Somit kommt das Publikum in den seltenen Genuß, Werke der klassisch-romantischen Ära in sorgfältig dosierter Kosmetik und brillanter Ausführung wiedererstehen zu sehen. Das Mariinski-Ensemble erweist sich als Hüter hoher Ballett-Tradition. Natürlich ist diese Art tiefgefrorener Tanzklassik eine im Grunde museale Angelegenheit. Aber mag auch manches Detail altmodisch, ja fast versteinert wirken, so faszinieren die tänzerische Perfektion und die wundervoll ästhetische Eleganz auch heute noch.

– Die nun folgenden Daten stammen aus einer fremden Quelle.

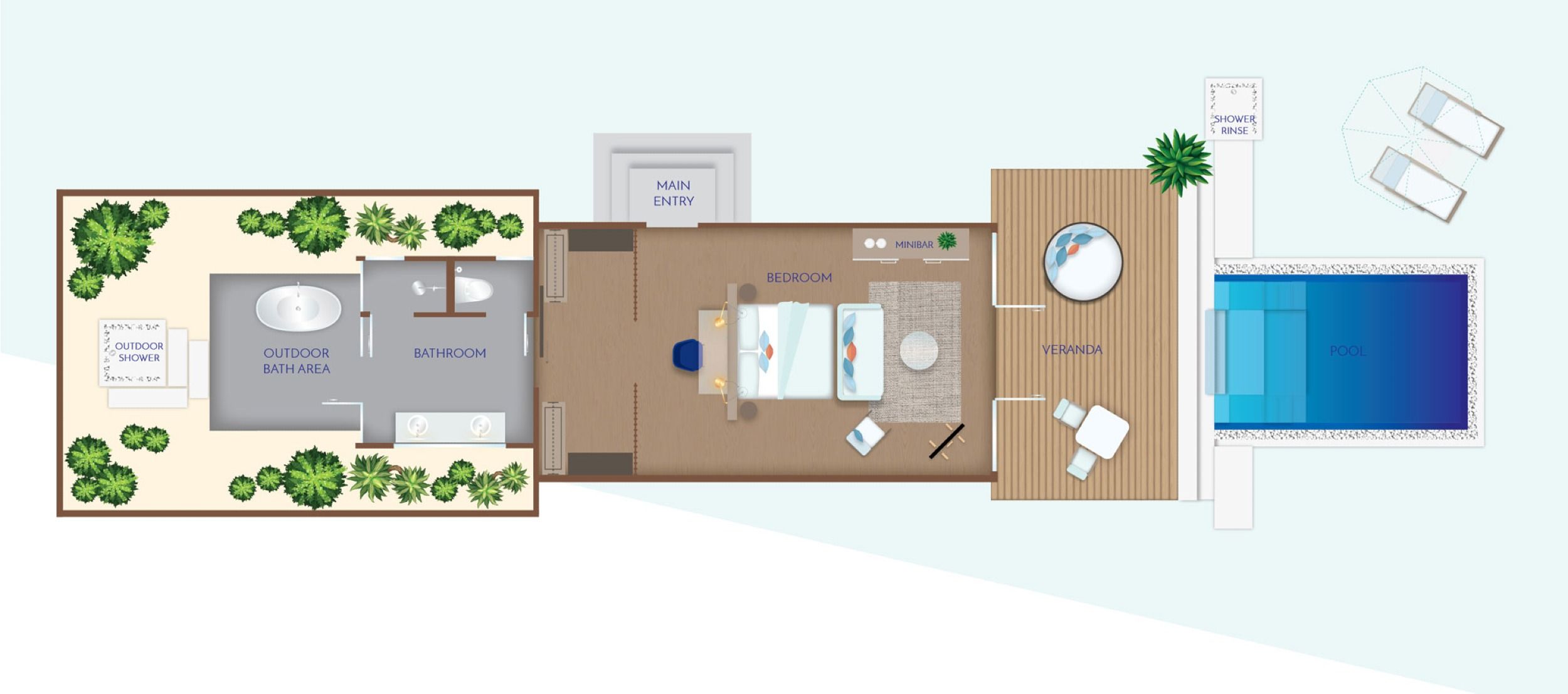 Emerald Faarufushi Maldives - Beach Villa with Pool - Floor Plan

Das Programm führt von der reinen Ballettklassik Petipas im "Dornröschen" (mit der rührenden Anmut der jungen Diana Wischnjowa) an die Schwelle des Ausdruckstanzes bei Fokines mörderischem Bacchanal in "Scheherazade" (mit dem großartigen Paar Julia Machalina und Faruch Rusimatow) und den gewaltigen Sprungsequenzen der Männertruppe in den "Polowetzer Tänzen", dann wieder zurück zu Marius Petipas "La Bayadere" (österreichische Erstaufführung!) mit der schmissigen, ein bißchen heurigenseligen Gebrauchsmusik des Wieners Ludwig Minkus.

Der Jubel kennt keine Grenzen bei einem kostbaren Juwel der Tanzkunst, das vor mehr als einem Jahrhundert in einer Sternstunde am Mariinski-Theater entstand: jenem dritten Akt der "Bayadere", dem berühmten "Reich der Schatten", dessen träumerische Ästhetik und virtuose Klarheit zeitlos gültig bleiben.

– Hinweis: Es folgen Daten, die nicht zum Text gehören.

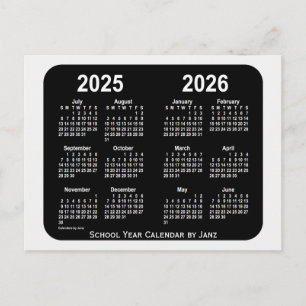 Carte Postale Calendrier de l'année scolaire Smokey Neon 2025-20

Gemessen an solchem Höhepunkt mußte die beziehungslose Ästhetik in "Les Sylphides", des ersten abstrakten Balletts, verblassen, zumal die musikalische Basis zu wünschen übrig ließ. Das Orchester unter Alexander Titow enttäuschte an den ersten beiden Abenden durch derbe Lustlosigkeit. Unter Boris Grusin, der "La Bayadere" leitete, waren die Musiker wie ausgewechselt und zeigten, daß sie auch anders können.

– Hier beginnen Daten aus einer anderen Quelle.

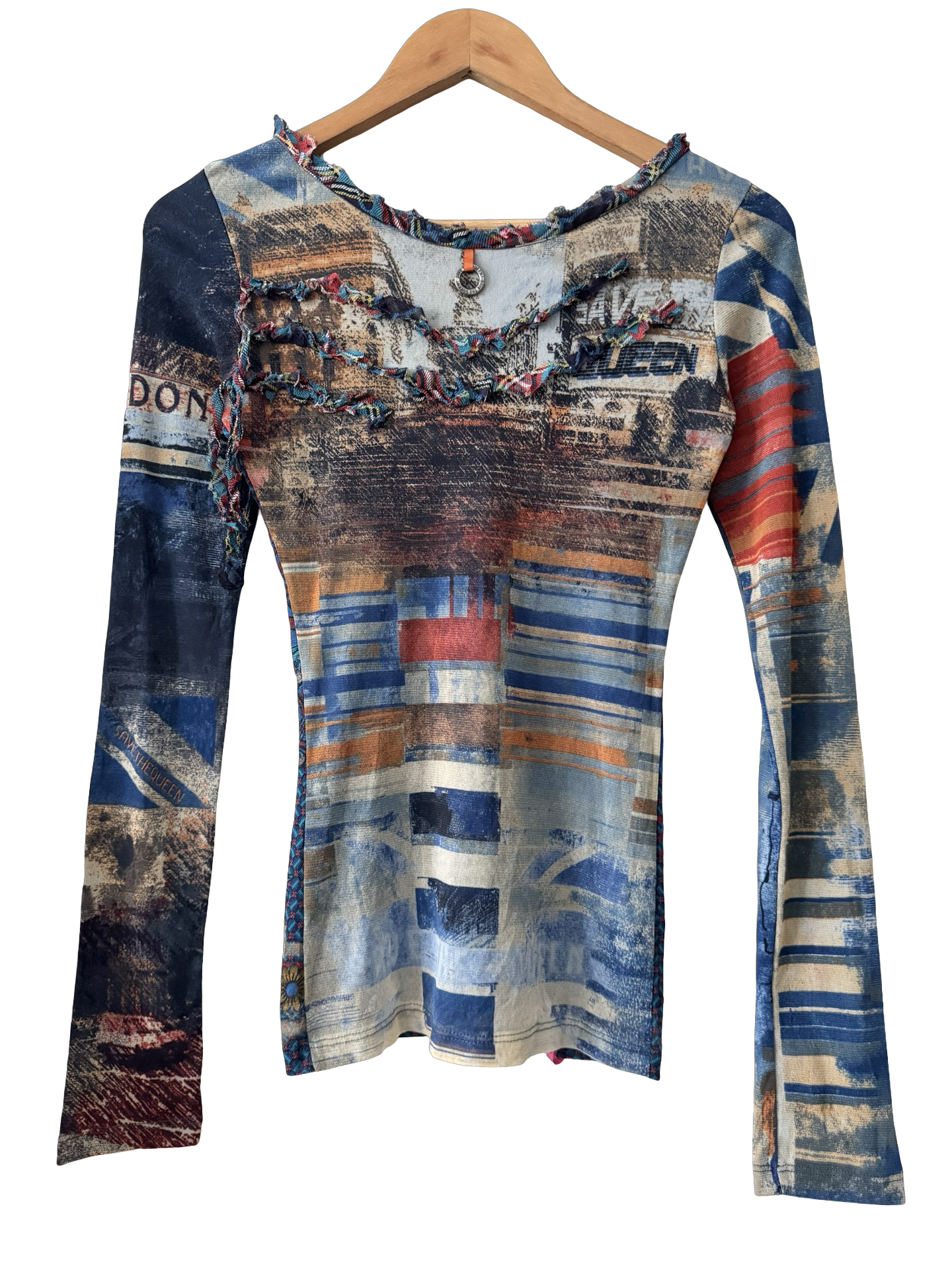 Vintage Y2K Mesh Save The Queen Top (S/M)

Der Ruhm des "Mariinski" besteht nicht nur aus den Spitzenleistungen seiner Solisten, von denen - außer der graziösen Wischnjowa - noch die hinreißende Uljana Lopatkina (Bajadere) und der männliche Star Jewgeni Iwantschenko (Solor) zu nennen sind, sondern ebenso in dem unvergleichlichen Corps de ballet, das mit seiner delikaten, wie geklonten Uniformität in Größe, Aussehen und Brillanz der Ballerinen nicht seinesgleichen hat.